Chili peppers of varied colours and sizes: green bird's eye, yellow Madame Jeanette, red cayenne

Chili peppers, also spelled chile or chilli (from chīlli /nah/), are varieties of berry-fruit plants from the genus Capsicum, which are members of the nightshade family Solanaceae, cultivated for their pungency (spicy heat). They are used as a spice to add pungency in many cuisines. Capsaicin and the related capsaicinoids give chili peppers their intensity when ingested or applied topically. Chili peppers exhibit a range of heat and flavors. This diversity is the reason behind the availability of different types of chili powder, each offering its own taste and heat level.

Chili peppers originated in Central or South America and were first cultivated in Mexico. European explorers brought chili peppers back to the Old World in the late 15th century as part of the Columbian exchange, which led to the cultivation of multiple varieties across the world for food and traditional medicine. Five Capsicum species have been widely cultivated: annuum, baccatum, chinense, frutescens, and pubescens.

== History ==

=== Origins ===

Capsicum plants originated in modern-day Peru and Bolivia, and have been a part of human diets since about 7,500 BC. They are one of the oldest cultivated crops in the Americas. Chili peppers were cultivated in east-central Mexico some 6,000 years ago, and independently across different locations in the Americas including highland Peru and Bolivia, central Mexico, and the Amazon. They were among the first self-pollinating crops cultivated in those areas.
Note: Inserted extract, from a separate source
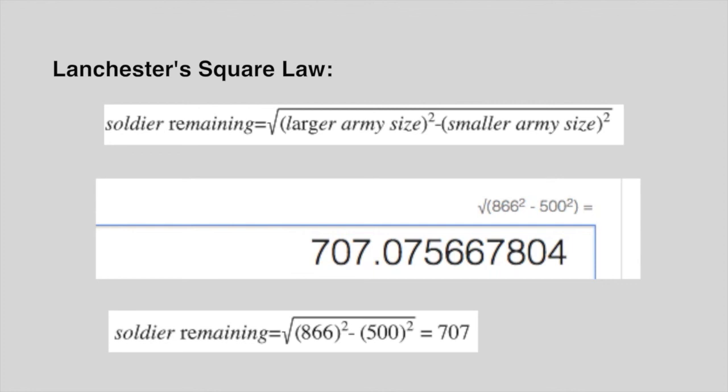So, when all of my army is destroyed, you still have 707 soldiers. That's a huge success.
Peru has the highest diversity of cultivated Capsicum; it is a center of diversification where varieties of all five domesticates were introduced, grown, and consumed in pre-Columbian times. The largest diversity of wild Capsicum peppers is consumed in Bolivia. Bolivian consumers distinguish two basic forms: ulupicas, species with small round fruits including C. eximium, C. cardenasii, C. eshbaughii, and C. caballeroi landraces; and arivivis with small elongated fruits including C. baccatum var. baccatum and C. chacoense varieties.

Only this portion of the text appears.